To decide what frame is a filler, we look at the proportion of its duration that is occupied by filler and if it's above an arbitrary threshold (I picked 80% to begin with), it will be labeled as such.
Window and hopping length can be adjusted after evaluation to find the optimal tradeoff between processing speed and performance.
The audio frames are transformed into Mel-frequency cepstral coefficients (MFCCs). It tells us what frequencies were most activated during the speech, creating a kind of compressed spectrogram. It represents the audio clip in a way that is similar to how we humans perceive sound, which makes MFCC a very popular feature in speech recognition systems.
To choose an appropriate window and hop length for our data preprocessing, we have to consider the target distribution.
The filler sound length seems to follow a log-normal distribution.
Turns out in 95% of fillers last longer than 0.279 sec. A good fit for window length, therefore, would be anything below sample_rate * 0.279
. Given that we down-sample the audio from 48k samples/sec to 8k, we get 2232
samples per window. We'll round that number to 2048
.
To evaluate the models, I followed a few principles:
- Use different speakers in training & evaluation. This will ensure the model learns to detect filler sounds well for new speakers.

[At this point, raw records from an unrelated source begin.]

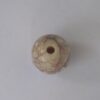 Ball 16mm Acrylic Beige with Pass-through Hole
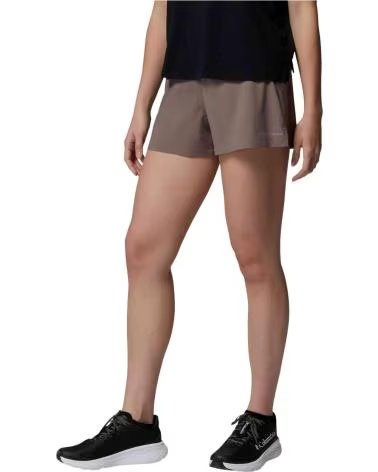 COLUMBIA PANTALON CORTO PANTALON CORTO STEALTH SPRING MARRON EN MARRON PARA MUJER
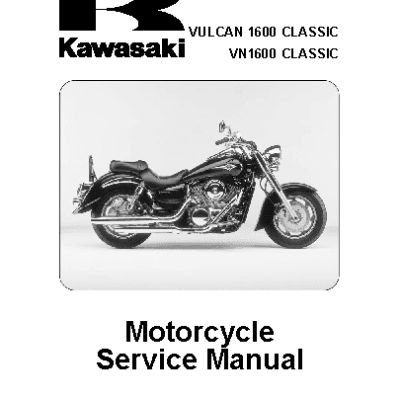 KAWASAKI VN1600 CLASSIC (2003)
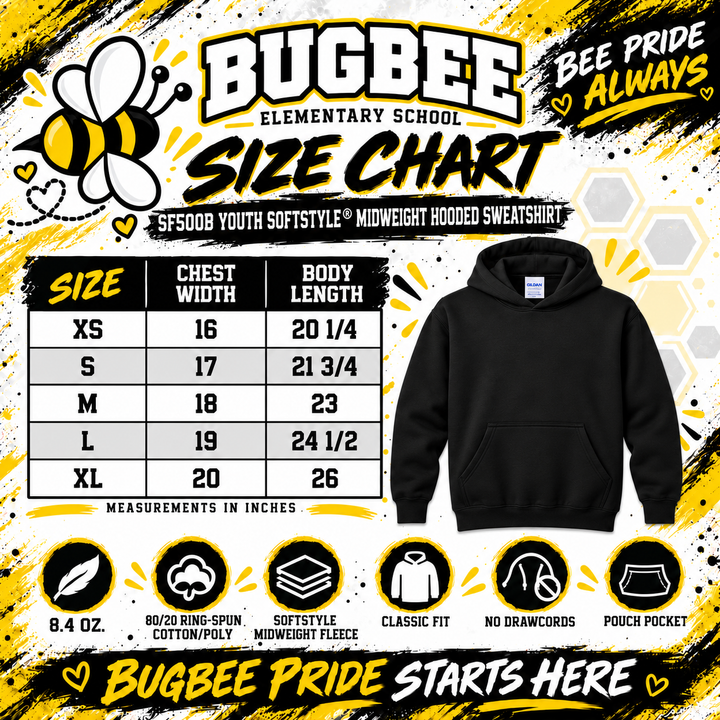 Bugbee Hoodie 3 (Gildan)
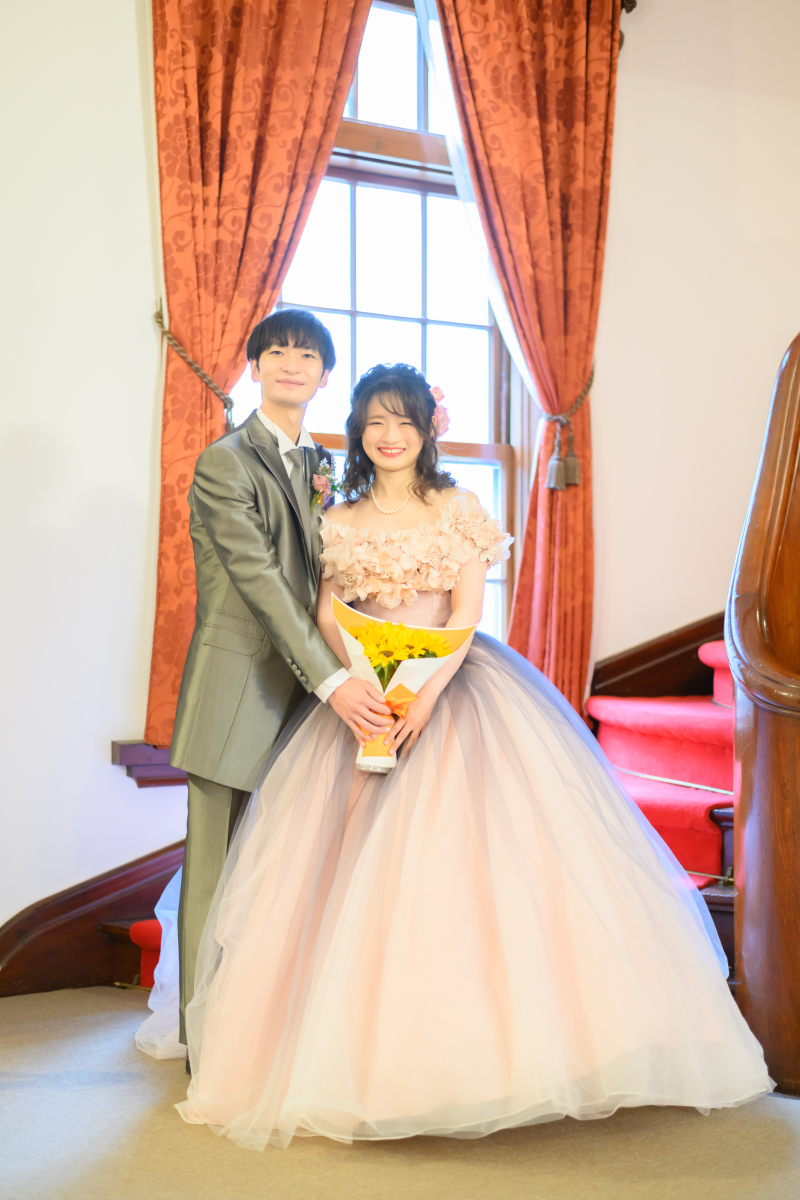 ひまわりの花束は思い出の花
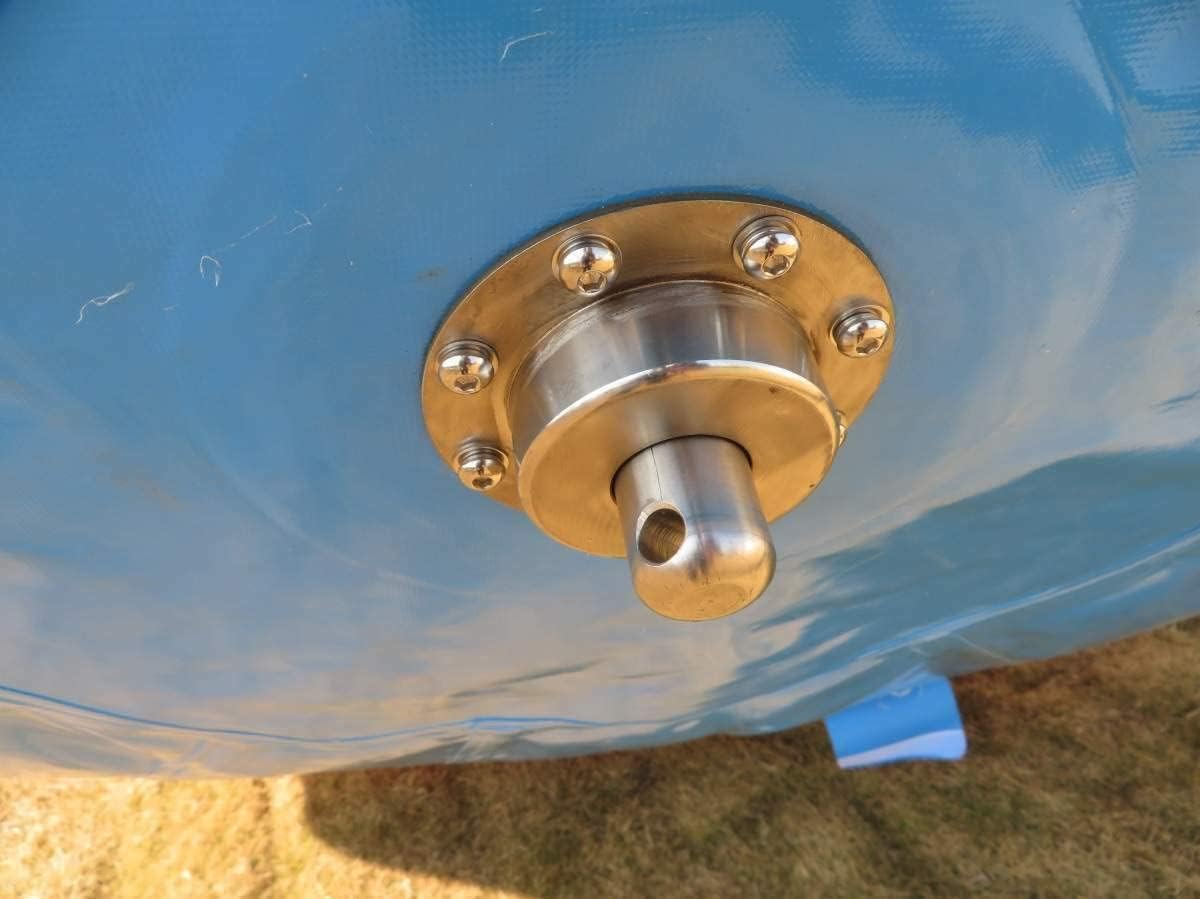 13-Ft PVC Inflatable Towable River Disco Raft with Pump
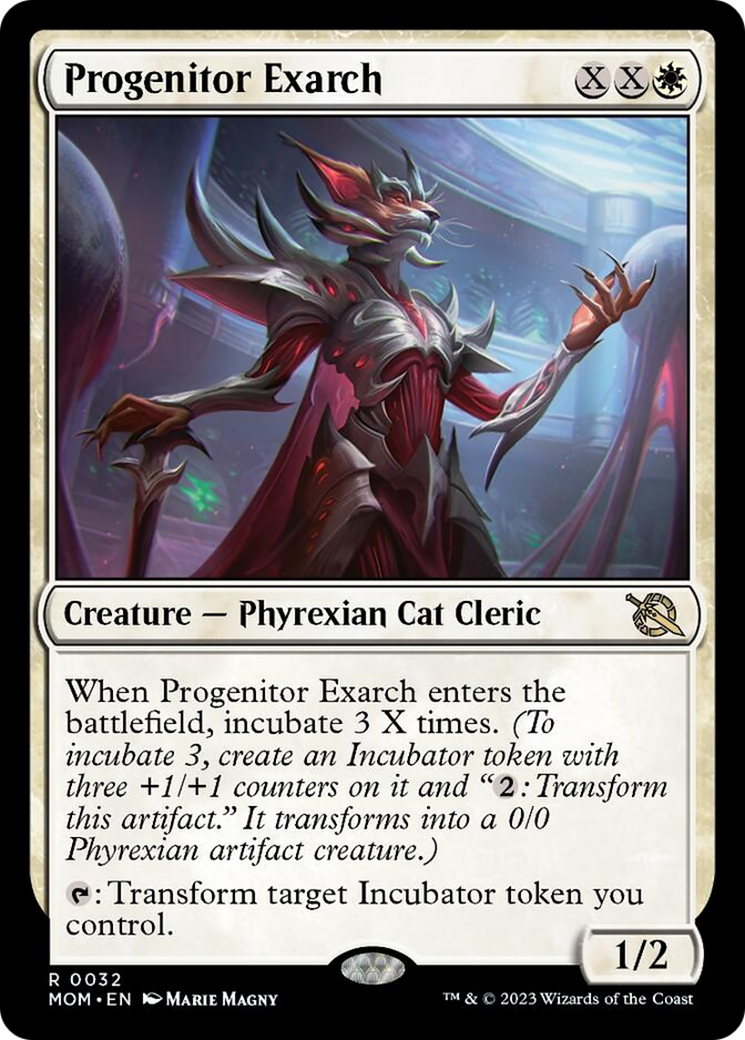 Progenitor Exarch [March of the Machine] | Game Master's Emporium (The New GME)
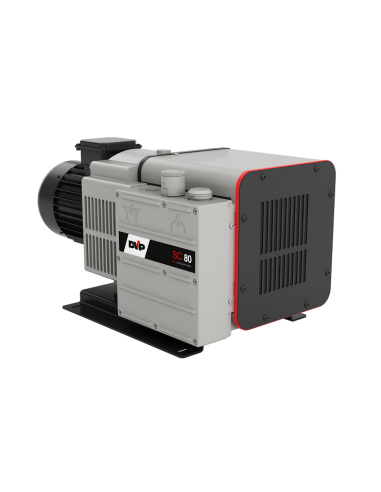 SC 60 i SC 80 Oil-free Rotary Vane Vacuum Pumps DVP 60–90 m3/h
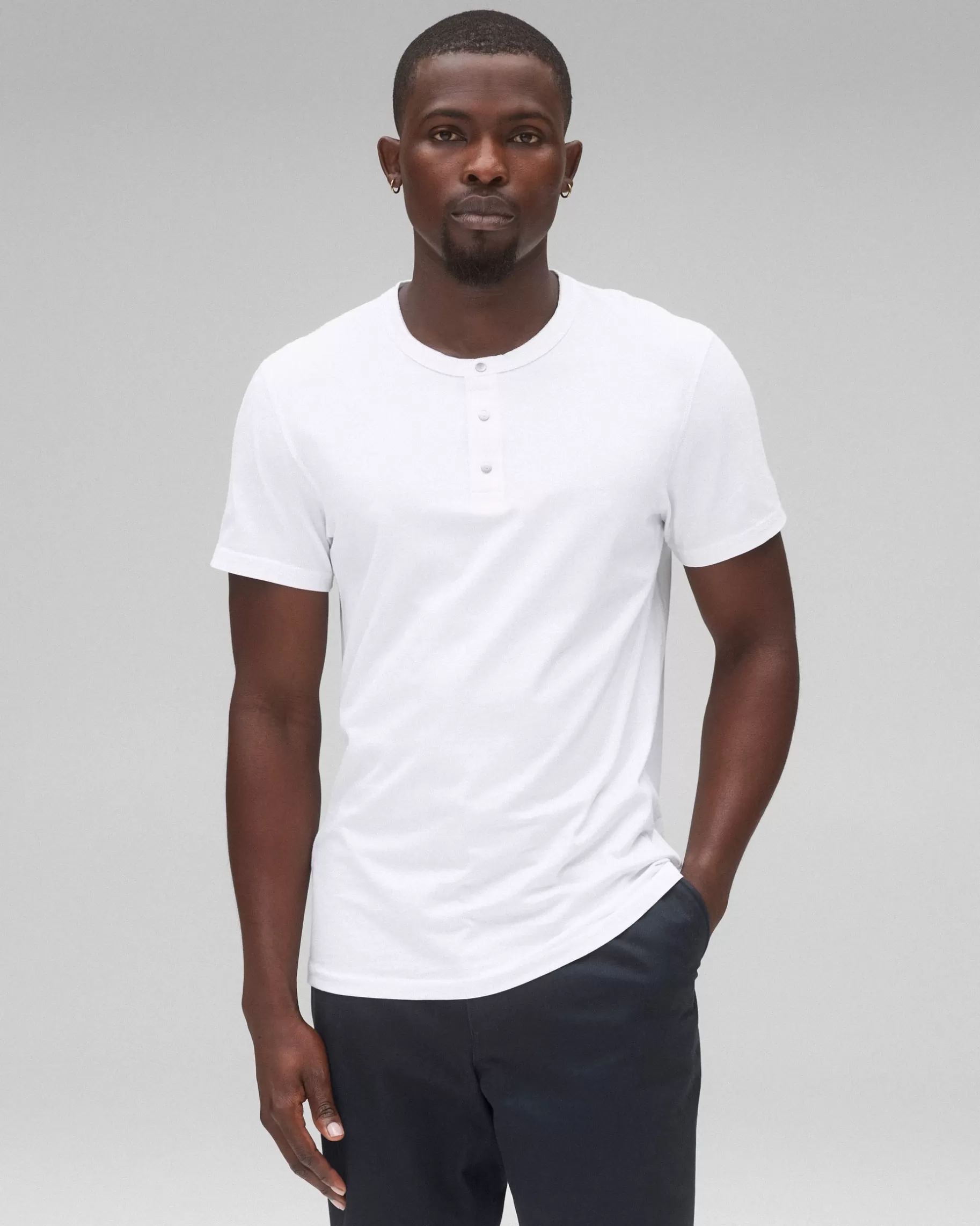 Lightweight Jersey Henley | Reigning Champ Hot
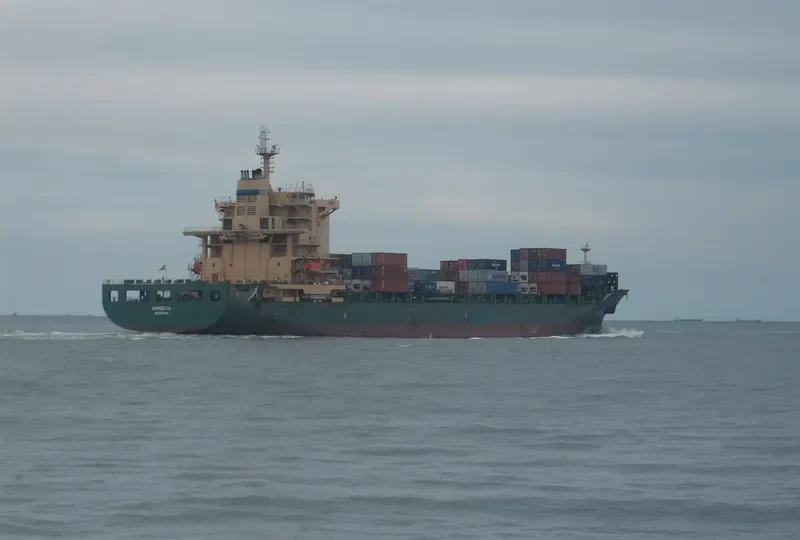 CORDELIA Container Ship IMO 9253014 photo 2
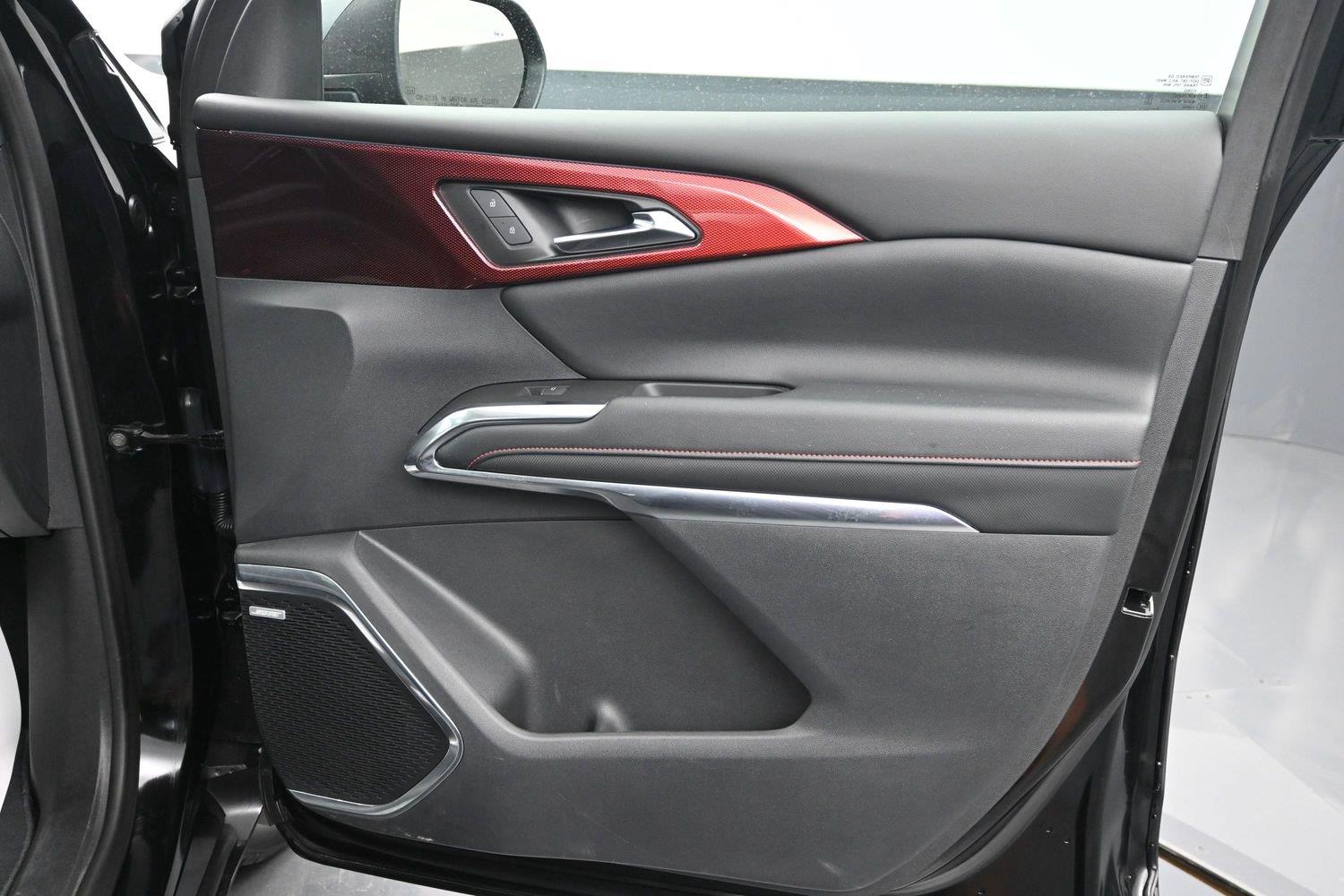 Used 2024 Mosaic Black Metallic Chevrolet FWD RS image 9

- Use the same threshold to decide what proportion of filler sound in a frame makes it labeled as
filler
(80%). - Use a suitable evaluation metric for imbalanced datasets. Average precision (AP) score (area under the Precision-Recall Curve) seemed to be the best choice. It 1) is independent of the cutoff threshold and 2) focuses on the minority class and therefore is suitable for imbalanced datasets.
I tried out training two models: LightGBM & a multi-layer perceptron. Perceptron beats LightGBM after some fine-tuning.
| Model | Avg. precision score | F1 |
|------------------------|----------------------|-------|
| LightGBM | 0.103 | 0.114 |
| Multi-layer perceptron | 0.121 | 0.205 |
Before jumping into deep learning, I trained a LightGBM model with reasonable default parameters to establish some baseline.
| Avg. precision score | F1 |
|----------------------|-------|
| 0.103 | 0.114 |
Then I picked multi-layer perceptron as the first neural model to train. After hyperparameter tuning, the model beats the LightGBM on both F1 and AP scores.
| Avg. precision score | F1 |
|----------------------|-------|
| 0.121 | 0.205 |
- Tune training configuration: Tweak other parameters in
constants.py
such as the window length & hop length of frames as well as labeling threshold. - Treat input data as time series: So far, each audio frame was treated as individual independent training example. However, it is hard to tell if a small piece of audio is a filler sound without context. Speech is actually a time series where order matters. I suspect that passing a sequence of audio frames instead of just one per training example would improve the results. RNN models such as LSTM can be used.
- Sushi method: Pass raw data with no preprocessing to the neural network.
Until now, using the model isn't practically useful. Multi-layer perceptron will cut a lot of good sound, whereas LightGBM will leave a lot of filler sounds untouched.